Our Executive Vice President and Chief Strategy Officer, Monica Menghini, recently wrote a paper that asks what insights can we glean from the Boeing decision, and what impact that choice will have on manufacturers in all industries. Read below (or click here) to discover her position about how innovative businesses will create value in the future.
VALUE CHAIN
Every business today functions in two worlds: a physical and a virtual world. Executives must pay attention to how their companies create value in both.
By understanding the differences and the interplay between the value-creation processes of the physical world and those of the virtual one, managers can clearly and holistically see the strategic issues facing their organizations.
Managing two interacting, value-adding processes in the two mutually dependent realms poses new challenges. Academics and managers have long described the process of creating value in the physical world, often referring to the stages involved as links in a chain. A supply chain, for example, is the management of supply chain activities and covers everything from product development and sourcing to production and logistics.

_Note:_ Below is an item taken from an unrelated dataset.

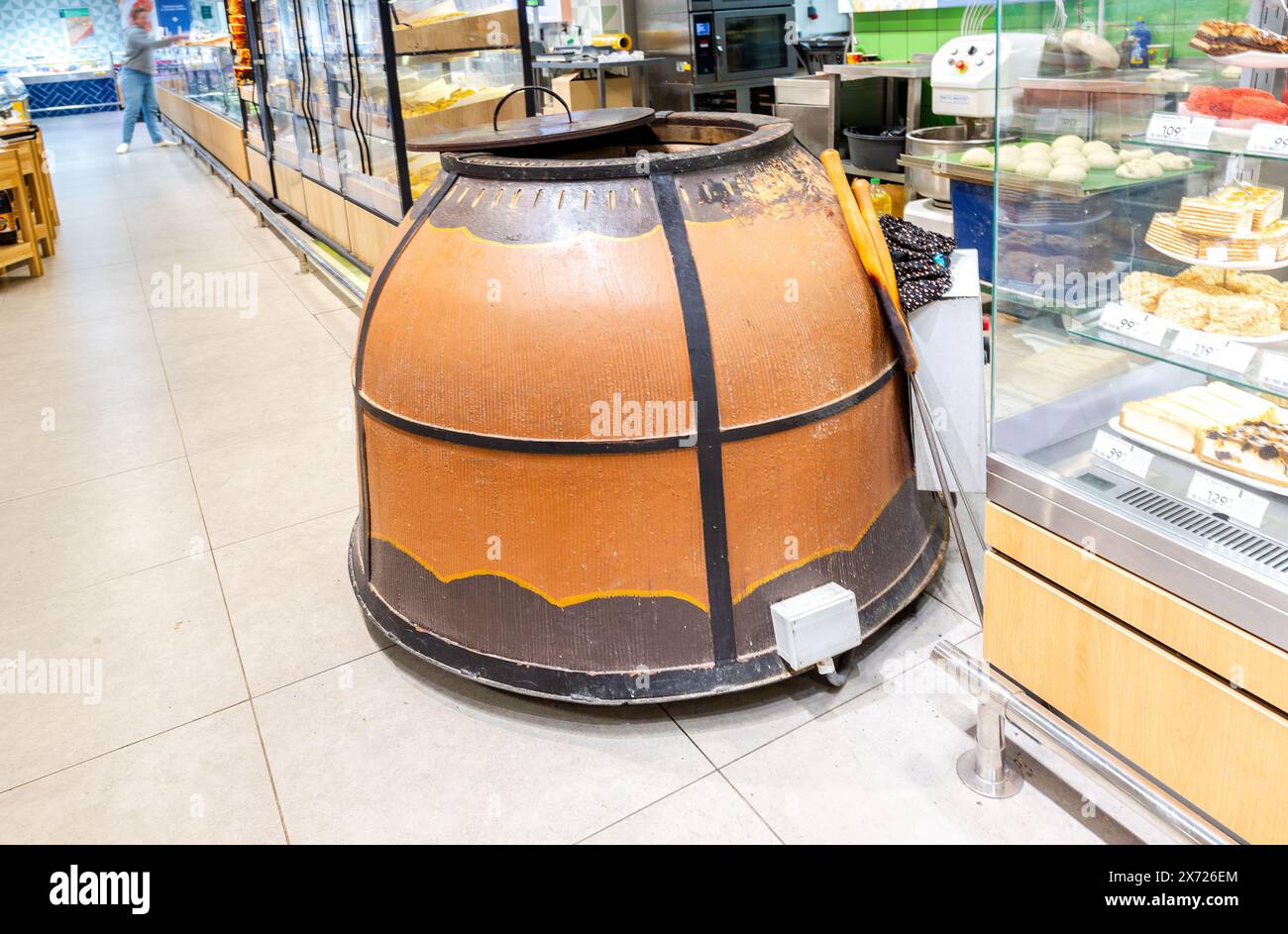 Samara, Russia - 30 aprile 2024: Grande forno tandyr per preparare pane piatto in un negozio di catena Foto Stock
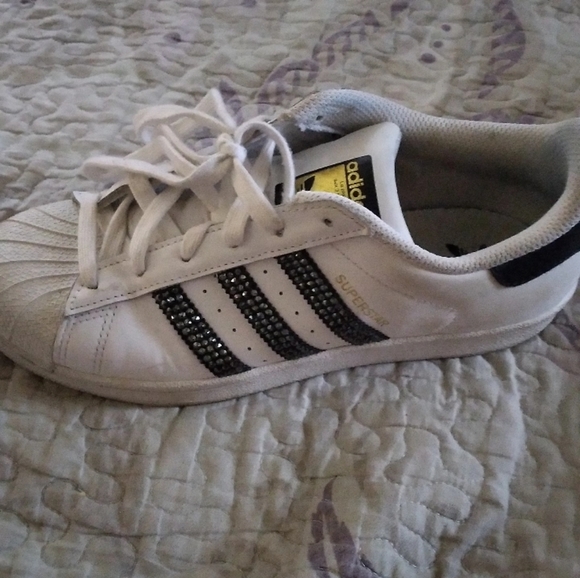 White Diamond Gem Adidas - Picture 3 of 7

A value chain is a model that describes a series of value-adding activities connecting a company’s supply side (raw materials, inbound logistics and production processes) with its demand side (outbound logistics, marketing and sales). It tracks two parallel flows: the transformation, movement and storage of goods and materials; and the information shared among the various supply chain partners to coordinate long-term plans and control the daily flow of goods and materials up and down the supply chain.

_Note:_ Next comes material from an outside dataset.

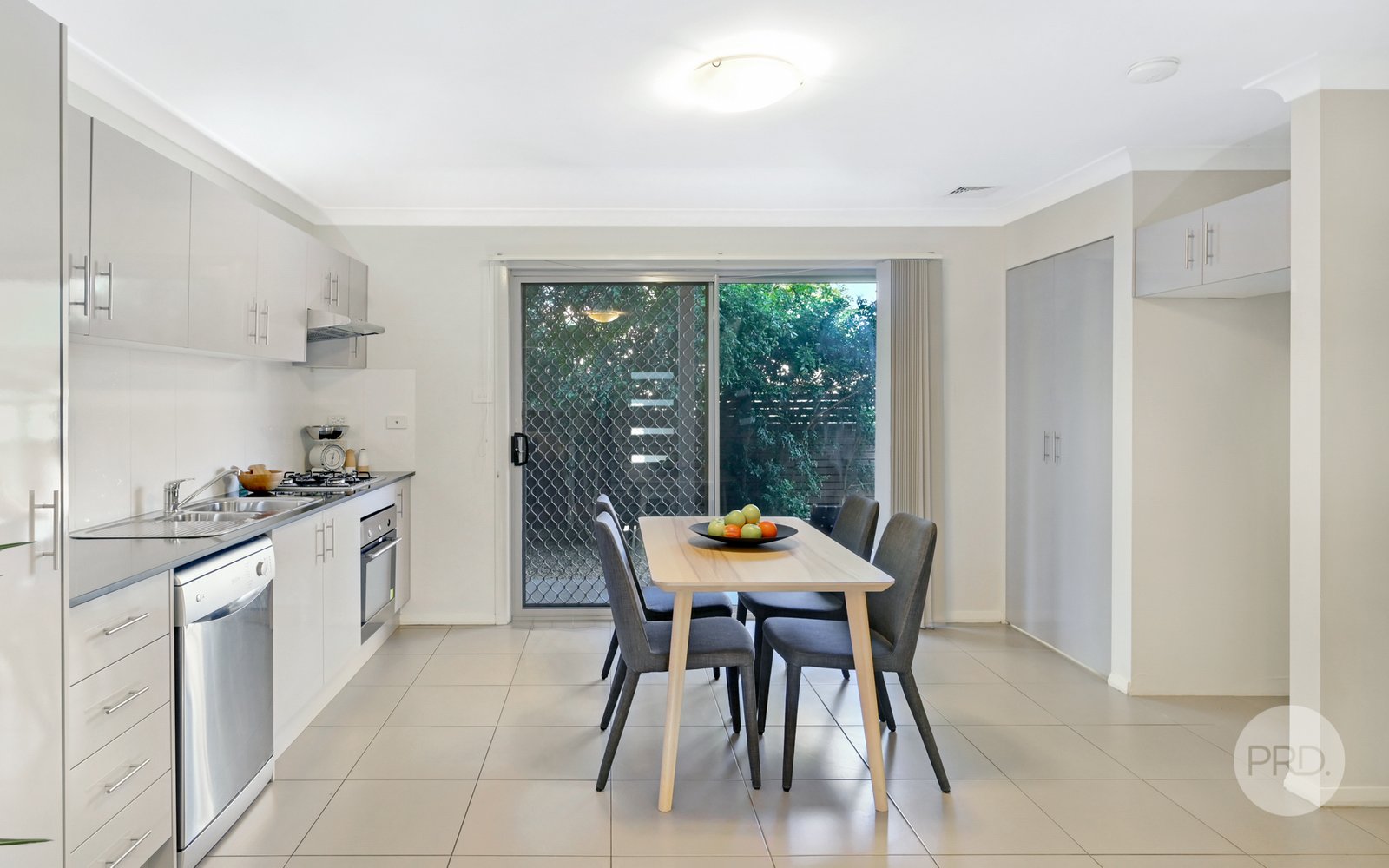 4/90-92 Cox Avenue PENRITH 6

But the value chain model treats data as a supporting element of the value-adding activity or process, NOT as a source of value itself. However, the use of data must create value.
When the value-adding steps are established in the virtual realm first, the entire value chain can be modeled and optimized before running in the real world steps. In addition, the parallel exchange of data between the virtual and real value-adding steps enables managers to continuously measure and control business processes to perform each step at maximum potential for topline growth.
VALUE NETWORK
A value delivery network is a part of the supply chain of a company and includes all its direct participants involved in production, distribution, marketing, customer service, etc. for a given geographical area. The links in a value network represent people (or roles).
The concept of value network is at the heart of the manufacturing in the age of experience. Industry no longer works in a ‘between four walls supply chain system’, but is capable of dynamically managing its production chain.
Digitally, this means manufacturers have access to not just their own preselected suppliers online, but also can reach in and out of an extended ecosystem that is dynamically proposed by a B2B, online marketplace of industrial services.
This is the case of the 3DEXPERIENCE Marketplace, where Dassault Systèmes’ provides ‘enterprise services’, i.e., the client has its own private cloud from which it manages orders, procurement, regulation, and payments to its pre-selected suppliers, and also ‘community services’, i.e., the client has the ability to dynamically reach out to other suppliers on the public cloud, negotiate competitive bids or time delivery, and either use them once or select them to become a permanent supplier and incorporate them into its own private cloud system.
VALUE CREATION
When a business moves to the 3DEXPERIENCE platform, managers can access data generated in the course of traditional operating activities. That data helps them see their physical value chain as an integrated system rather than a set of separate-but-related activities.
In this way, they can gain new insights into managing the value chain as a whole and to model it as they go, transforming a value-adding chain into a value-creation chain. The outcome is significantly higher than the sum of the incremental parts.
We are at another turning point of the industrial era. The physical value chain gets modeled virtually first, and then operated and optimized via the parallel virtual chain. This is value creation as-you-go, where not only engineering disciplines, but also the entire extended enterprise, contributes to creating value for topline results.
Value creation is a hallmark of Business in the Age of Experience. And, as it has before, Boeing is once again leading the way.